In contrast, my math teacher that year, I'll never forget her (nor my homeroom teacher, mentioned above), was the exact opposite. Very much the strict, old-school (minus the paddlings) disciplinarian, she didn't even seem enthusiastic about the prospect of teaching mathematics, let alone to a group of kids. Looking back (though perhaps through rose colored glasses), I hope it was her valuing of mathematical rigor that made her such a drill sergeant about it. It probably wasn't.
Regardless of the reason, I was always in trouble in that class, getting U's (Unsatisfactory) on progress reports, and getting sent to detention. So, at that point, I did what most children do, and associated math with the way that the math teacher made me feel, about not doing good enough in that class. To save us time, I'll just say this process repeated from 4th grade to 9th grade. Stressed out, underpaid, overworked, frustrated math teachers in underfunded schools, for these and likely other reasons, unable to bring enthusiasm and life to the subject, allowed me to really just check out from the world of numbers entirely.
This didn't really hurt me too much, in the sense that, as long as I attained passing, albeit mediocre, scores in Mathematics, and excelled in the other areas, English and Science, I could game my way through the school system, by doing good on quarterly & yearly standardized tests. I had checked out of the world of numbers, for good. Being bad at math was a part of my personality, one I adopted and cherished, feeling myself the creative, interesting, and entertaining polar opposite of the stiff mathematical types, via poetry and lyrics.
Or so I thought.
Before we continue, I should point out that I did have some wonderful math teachers in high school, and while they didn't succeed in getting me 'into' mathematics, I like to think they softened my heart up to the field, just enough so that when the time was right, years later, I had an opportunity to fall in love with it.

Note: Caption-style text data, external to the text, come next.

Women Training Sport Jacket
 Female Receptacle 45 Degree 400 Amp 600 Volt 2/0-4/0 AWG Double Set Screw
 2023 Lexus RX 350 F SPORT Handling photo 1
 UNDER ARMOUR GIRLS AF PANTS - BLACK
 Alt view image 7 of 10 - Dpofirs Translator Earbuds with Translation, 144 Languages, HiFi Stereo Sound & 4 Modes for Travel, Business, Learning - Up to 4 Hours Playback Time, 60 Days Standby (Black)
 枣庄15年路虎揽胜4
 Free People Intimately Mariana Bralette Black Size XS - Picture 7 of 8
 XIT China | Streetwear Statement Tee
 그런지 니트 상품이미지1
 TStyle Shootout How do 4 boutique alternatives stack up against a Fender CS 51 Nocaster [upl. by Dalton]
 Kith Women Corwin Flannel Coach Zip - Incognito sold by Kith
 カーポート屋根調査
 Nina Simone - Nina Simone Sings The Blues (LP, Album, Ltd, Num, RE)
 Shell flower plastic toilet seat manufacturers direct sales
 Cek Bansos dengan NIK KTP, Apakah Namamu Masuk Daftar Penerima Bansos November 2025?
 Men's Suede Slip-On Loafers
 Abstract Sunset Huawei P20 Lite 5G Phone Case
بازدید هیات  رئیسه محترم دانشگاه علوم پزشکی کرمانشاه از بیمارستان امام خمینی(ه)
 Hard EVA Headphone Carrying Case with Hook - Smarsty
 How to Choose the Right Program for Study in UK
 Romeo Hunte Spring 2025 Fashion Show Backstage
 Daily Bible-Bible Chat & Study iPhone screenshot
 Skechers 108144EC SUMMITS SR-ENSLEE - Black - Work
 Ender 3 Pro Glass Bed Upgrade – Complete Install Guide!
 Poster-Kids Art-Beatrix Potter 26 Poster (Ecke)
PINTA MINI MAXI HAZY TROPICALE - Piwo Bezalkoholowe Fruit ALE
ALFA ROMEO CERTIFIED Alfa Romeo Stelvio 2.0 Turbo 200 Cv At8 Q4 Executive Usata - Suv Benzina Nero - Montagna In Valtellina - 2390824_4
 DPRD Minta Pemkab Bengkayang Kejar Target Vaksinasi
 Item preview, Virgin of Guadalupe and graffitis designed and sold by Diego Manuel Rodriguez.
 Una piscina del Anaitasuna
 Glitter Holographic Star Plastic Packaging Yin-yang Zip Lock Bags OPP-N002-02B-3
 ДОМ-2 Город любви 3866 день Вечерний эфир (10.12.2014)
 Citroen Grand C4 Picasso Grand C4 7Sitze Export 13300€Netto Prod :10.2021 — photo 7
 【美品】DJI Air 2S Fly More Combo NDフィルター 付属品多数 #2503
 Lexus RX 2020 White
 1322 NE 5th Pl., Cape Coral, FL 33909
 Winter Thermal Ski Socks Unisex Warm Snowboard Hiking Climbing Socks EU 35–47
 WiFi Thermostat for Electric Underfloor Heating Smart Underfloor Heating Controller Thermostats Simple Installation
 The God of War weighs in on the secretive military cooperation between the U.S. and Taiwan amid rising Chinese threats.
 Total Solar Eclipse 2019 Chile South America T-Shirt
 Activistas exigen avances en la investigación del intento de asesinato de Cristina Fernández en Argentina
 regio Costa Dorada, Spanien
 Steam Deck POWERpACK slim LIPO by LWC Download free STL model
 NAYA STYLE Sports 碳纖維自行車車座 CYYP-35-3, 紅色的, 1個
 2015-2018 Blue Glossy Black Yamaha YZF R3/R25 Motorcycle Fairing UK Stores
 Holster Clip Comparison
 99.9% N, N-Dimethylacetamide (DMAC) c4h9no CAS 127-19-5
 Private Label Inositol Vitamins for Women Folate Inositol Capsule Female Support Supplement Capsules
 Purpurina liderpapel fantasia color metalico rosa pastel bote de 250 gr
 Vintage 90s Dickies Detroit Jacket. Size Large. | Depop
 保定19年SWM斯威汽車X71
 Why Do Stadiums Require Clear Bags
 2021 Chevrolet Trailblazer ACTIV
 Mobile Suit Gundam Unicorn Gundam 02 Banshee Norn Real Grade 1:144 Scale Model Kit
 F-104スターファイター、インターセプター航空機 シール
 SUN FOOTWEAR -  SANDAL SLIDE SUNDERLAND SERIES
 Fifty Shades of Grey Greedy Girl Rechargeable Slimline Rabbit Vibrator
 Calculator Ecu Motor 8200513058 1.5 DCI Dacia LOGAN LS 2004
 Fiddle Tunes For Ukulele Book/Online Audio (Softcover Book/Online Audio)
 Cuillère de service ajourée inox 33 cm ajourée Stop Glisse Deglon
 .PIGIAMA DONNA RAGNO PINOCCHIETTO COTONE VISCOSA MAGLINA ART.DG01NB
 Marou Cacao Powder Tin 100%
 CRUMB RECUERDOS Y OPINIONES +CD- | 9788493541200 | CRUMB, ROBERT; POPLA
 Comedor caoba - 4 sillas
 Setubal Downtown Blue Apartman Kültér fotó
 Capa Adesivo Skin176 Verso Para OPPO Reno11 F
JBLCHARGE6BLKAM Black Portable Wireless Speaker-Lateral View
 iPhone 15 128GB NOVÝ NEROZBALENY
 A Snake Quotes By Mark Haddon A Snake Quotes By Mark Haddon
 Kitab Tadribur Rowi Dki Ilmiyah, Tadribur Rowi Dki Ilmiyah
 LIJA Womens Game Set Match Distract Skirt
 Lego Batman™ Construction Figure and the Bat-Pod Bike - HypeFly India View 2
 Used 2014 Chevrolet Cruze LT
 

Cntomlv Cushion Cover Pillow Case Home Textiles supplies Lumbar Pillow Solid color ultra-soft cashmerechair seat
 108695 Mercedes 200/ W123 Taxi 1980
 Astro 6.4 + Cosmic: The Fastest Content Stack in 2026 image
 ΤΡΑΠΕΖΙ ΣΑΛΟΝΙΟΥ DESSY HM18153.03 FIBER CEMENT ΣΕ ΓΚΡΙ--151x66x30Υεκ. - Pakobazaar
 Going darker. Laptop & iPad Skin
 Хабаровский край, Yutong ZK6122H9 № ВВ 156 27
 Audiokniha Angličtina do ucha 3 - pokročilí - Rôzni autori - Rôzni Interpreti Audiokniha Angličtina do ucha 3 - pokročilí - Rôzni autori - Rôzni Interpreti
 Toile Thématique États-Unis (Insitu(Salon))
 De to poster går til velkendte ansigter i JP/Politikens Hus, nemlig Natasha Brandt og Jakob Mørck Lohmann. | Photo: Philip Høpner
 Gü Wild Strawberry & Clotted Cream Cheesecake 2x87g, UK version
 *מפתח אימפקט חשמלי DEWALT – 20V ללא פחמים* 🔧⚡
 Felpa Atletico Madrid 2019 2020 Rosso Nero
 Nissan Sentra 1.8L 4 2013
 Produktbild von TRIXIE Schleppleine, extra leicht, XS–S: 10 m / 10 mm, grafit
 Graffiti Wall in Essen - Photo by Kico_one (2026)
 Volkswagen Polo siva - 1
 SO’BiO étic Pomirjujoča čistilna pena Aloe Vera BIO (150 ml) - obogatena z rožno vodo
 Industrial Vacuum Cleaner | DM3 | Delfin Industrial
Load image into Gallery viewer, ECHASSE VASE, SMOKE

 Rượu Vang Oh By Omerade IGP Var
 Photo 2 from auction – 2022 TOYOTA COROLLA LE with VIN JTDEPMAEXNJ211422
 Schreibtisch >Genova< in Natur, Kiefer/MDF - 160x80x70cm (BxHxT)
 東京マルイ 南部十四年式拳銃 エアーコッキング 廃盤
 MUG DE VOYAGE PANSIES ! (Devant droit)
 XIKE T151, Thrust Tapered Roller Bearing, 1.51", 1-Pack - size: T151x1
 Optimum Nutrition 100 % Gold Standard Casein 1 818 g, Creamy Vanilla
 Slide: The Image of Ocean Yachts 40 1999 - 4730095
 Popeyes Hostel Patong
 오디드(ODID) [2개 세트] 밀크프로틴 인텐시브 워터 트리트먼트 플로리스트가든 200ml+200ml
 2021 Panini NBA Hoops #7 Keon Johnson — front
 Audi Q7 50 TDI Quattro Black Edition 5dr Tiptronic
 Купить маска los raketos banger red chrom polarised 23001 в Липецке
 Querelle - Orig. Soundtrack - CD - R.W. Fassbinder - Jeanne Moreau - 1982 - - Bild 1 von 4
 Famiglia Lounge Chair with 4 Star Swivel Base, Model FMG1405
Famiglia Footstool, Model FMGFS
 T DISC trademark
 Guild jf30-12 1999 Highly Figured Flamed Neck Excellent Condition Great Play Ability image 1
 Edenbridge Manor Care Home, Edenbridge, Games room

Yes, we have crossed the bridge from hate to love- but how did we do it?
The answer is simple: I was exposed to functional programming.
It started quite innocently, I was just curious about the programming language paradigms that existed outside of OOP, perusing Google to Stack Overflow, functional programming was the most prevalent alternative, filled with terms like immutable state and referential transparency, which piqued my curiosity quite a bit. For a while, it was something I intended to experiment with, but didn't have the time. Interestingly enough, I was browsing Twitter a few months later, saw a snippet of some code that looked pretty alien, and decided I was going to write whatever that was. Unbeknownst to me, I was preparing to swan dive into a professional grade rabbit hole, because the snippet was Haskell.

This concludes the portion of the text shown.